Fred -- Yes, I agree that programming is 90 % thinking. I'm surprised at how many people don't realize that. However, it is news to me if Agile does help anyone program. It seems a mass of status reports and paperwork (mostly on the computer, but same difference), and short meetings which rarely focus on any details or bring up different points of view.
I don't feel that I need a tool to tell me what the application needs to do. I think that common sense, and talking it over with whoever designed the app and the other people on the team (on a regular basis), can do that job. I know that applications should have as few bugs as possible and be easy to use and maintain. Sometimes figuring out how to make that happen is hard, and on a team it's important to pick a good strategy and have everyone stick by it.
I agree that good communication is important. I'm not going to straight up lie about not knowing something. I'm just not going to volunteer something that might make me appear less competent when I'm new at work. Just not smart to do that -- I don't think anyone can fault me for wanting to keep a job. My judgment of humanity is that we are unfairly judgmental towards other people ( ;) ), and I do not want to be judged.

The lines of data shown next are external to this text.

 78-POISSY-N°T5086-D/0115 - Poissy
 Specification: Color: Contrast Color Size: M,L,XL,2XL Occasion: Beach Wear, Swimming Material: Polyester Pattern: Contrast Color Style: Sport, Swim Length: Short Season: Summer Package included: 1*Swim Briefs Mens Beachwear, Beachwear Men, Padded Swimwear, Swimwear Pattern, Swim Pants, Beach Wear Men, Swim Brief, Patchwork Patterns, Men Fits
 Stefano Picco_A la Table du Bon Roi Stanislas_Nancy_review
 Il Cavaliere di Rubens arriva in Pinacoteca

Andrew -- I read the 16-page Scrum book Jeanne linked to. To me, how ideas are implemented are far more important that what they are in the abstract. Agile and other systems might sound great or awful in the abstract, but what really matters is how people actually use them. I don't put any stock in abstractions, buzzwords, corporate philosophies, etc., because most of the time they don't affect what actually happens day-to-day. Just a bunch of pretty words to dress something up. I have simple ideas about what makes a good workplace and a productive workplace -- open communication (which has to come from the top first as a sign of good faith), committed workers, and a willingness to talk about and accept criticism are three things that come to mind.

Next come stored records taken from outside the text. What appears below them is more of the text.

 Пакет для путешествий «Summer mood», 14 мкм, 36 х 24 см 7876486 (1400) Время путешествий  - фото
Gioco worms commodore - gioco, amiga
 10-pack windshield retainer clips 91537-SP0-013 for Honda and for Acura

I'll glance over at the first chapter. And -- this is a promise -- if I do win a book copy I will read the whole thing.
1) Hm. It's a bit hard for me to separate out company practices and the Agile system since it wasn't explained to me. I feel like we rely too much on applications and virtual documents that are scattered in many places and all have their own logic about them. Learning them all has taken a good deal of time, and I think the tools are too specialized for the work I will be doing. It doesn't seem like there's much freedom yet in the ticket system -- that is, if say one bug is hiding three others, or if a bug and a bunch of other bugs are best dealt with by refactoring a large block of code, I'm uncertain that that would fit neatly in and be accepted. I also think that it's very hard to predict how long some problems will take, and that makes it difficult to be very definite about what will be done in a certain block of time. It's of course necessary to make predictions about what can get done, and without some kind of goal or deadline it'd be too easy for many people to slack off, so I can understand the necessity of structure.

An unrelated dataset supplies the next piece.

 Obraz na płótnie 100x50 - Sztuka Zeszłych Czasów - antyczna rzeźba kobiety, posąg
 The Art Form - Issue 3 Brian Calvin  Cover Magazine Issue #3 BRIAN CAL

2) …. I'm the new guy. No. Generally even if I don't like something, I won't say it until I'm completely sure about it, because rushing to judgment is very often a stupid thing to do. I'll still rush to judgment in my head, but I'll hold off on saying anything until I'm very sure, 'cause I know I could be wrong. And in the workplace I'm not going to say anything that's going to get anyone upset, unless there's really no choice and it's part of my job to do it.
3) I read the Scrum guide. I also do my best to understand all the tools and systems I'm supposed to use -- read the tutorials if I have time, or listen if someone is willing to explain it, or google it if I need to. Why I do things -- not exactly sure what you mean. I am at work to do what my boss says. That is what most jobs come down to. If you get really lucky then the job is mostly about doing a job, but that's only if your boss is a good boss and supports you in what you have to do instead of getting in the way. I get the feeling that programming is supposed to be professional job where there's lot of velvet on top of the you-are-at-work-to-do-what-your-boss-says, but really, that's what almost everything is.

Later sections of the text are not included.